Fraîchement diplômé(e) donc, vous voilà découvrant d’autres réalités. A l’école où l’on vous a appris que vous excelliez dans l’art de la traduction, vous avez pu faire un ou deux stages, le plus souvent dans des entreprises pas toujours très scrupuleuses, profitant de l’aubaine que représente de la main d’œuvre quasi-gratuite, mais traduisant, ce qui fait toujours une ligne de plus dans un CV. Mais comme autour de vous tout le monde est dans le même cas, vous vous dites que c’est normal.
Rares sont les universités, les institutions, les enseignants qui se sont préoccupés de vous dire ce qui vous attendait. Après tout ils sont là pour enseigner et dispenser des diplômes, pas pour vous dire ce qui vous attend dans le monde réel. D’ailleurs, sont-ils les mieux placés pour en parler ? Sans doute que non. Et comme personne ne se sent concerné, et que je suis consterné par votre impréparation à la vie professionnelle, j’essaie de vous décrire le monde de la traduction comme je le vois. Si ma vision des choses n’est pas entièrement juste, cela sera toujours mieux que rien…
80% d’entre vous seront freelance, par choix ou par nécessité, alors qu’à 80% vous avez commencé vos études en vous voyant comme salarié(e). Parce que vous pensez que c’est sécurisant ou formateur. J’ai moins de certitudes que vous sur ce sujet. En revanche, l’idée que vous vous faites du freelance est probablement à revoir (c’est risqué, il vaut mieux se mettre à son compte une fois qu’on a un peu d’expérience, c’est compliqué, il faut gérer trop d’aspects qui ne m’intéressent pas…).

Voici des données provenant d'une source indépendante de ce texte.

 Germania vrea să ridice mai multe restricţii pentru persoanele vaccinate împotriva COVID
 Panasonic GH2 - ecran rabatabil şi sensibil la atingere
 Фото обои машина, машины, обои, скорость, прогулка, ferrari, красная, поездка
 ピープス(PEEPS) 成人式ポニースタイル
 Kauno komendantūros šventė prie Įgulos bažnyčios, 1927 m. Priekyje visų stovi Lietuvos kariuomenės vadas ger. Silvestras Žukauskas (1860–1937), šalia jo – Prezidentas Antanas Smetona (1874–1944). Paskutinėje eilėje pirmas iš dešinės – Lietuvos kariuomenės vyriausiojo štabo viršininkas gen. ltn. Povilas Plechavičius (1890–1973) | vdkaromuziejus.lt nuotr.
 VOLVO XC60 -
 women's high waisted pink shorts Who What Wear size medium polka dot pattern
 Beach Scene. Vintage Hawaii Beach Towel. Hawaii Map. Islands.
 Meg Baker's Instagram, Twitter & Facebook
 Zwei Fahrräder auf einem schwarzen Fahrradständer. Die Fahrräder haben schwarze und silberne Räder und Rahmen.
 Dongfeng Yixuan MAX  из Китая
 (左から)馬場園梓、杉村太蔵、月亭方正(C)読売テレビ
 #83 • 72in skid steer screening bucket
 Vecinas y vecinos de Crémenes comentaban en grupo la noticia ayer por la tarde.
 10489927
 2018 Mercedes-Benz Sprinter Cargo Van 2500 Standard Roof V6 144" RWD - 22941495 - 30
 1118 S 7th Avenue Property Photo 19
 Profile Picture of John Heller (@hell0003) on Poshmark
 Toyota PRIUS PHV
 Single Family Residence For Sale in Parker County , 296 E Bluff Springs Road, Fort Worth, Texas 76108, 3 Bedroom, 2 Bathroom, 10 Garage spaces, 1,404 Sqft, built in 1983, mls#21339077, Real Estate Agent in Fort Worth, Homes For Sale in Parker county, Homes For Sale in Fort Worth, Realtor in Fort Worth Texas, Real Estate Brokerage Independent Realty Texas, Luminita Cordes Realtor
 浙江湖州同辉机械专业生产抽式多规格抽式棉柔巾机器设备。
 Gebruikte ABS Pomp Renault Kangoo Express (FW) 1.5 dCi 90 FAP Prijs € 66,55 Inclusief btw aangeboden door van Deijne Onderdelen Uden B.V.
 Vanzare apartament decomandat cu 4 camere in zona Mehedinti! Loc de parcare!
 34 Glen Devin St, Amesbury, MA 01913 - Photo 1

Dans tous les cas, voici ce qui me paraît indispensable :
- taper à la machine avec ses dix doigts, avoir une orthographe parfaite
- une culture vraiment générale : littéraire, économique, technique, scientifique, artistique, entrepreneuriale…
- bien maîtriser les logiciels, les formats, les sources d’information, les moteurs de recherche, l’organisation de ses mails, l’organisation et la sécurité informatique
- des notions de droit et de gestion
- des notions de ce qu’est un client, une entreprise, et de leurs contraintes
- discuter avec des freelances établis depuis moins de 3 ans, afin de comprendre ce qui leur manque.
Faut-il être spécialisé ou généraliste ?
Faites ce que vous voulez, mais pensez qu’il faut être à la fois crédible et bon. Personnellement je suis extrêmement sceptique lorsque je vois des CV de personnes qui disent être spécialisées dans plus de trois domaines ou qui traduisent plus de deux couples de langues. Etre doué en langues ne fera pas forcément de vous un bon traducteur.
Bref, il faut un peu d’expérience avant de devenir un traducteur acceptable, et non seulement des diplômes.
Pour moi c’est un métier à la fois intéressant, que l’on peut exercer avec une assez grande liberté et avec honnêteté. Ces deux seules caractéristiques en font pour moi non seulement un beau métier, mais un métier assez exceptionnel de ce point de vue.
Tout ceci n’est que mon avis et est très parcellaire, mais j’espère au moins vous avoir donné un éclairage utile sur ce métier que vous envisagez ou qui commence pour vous.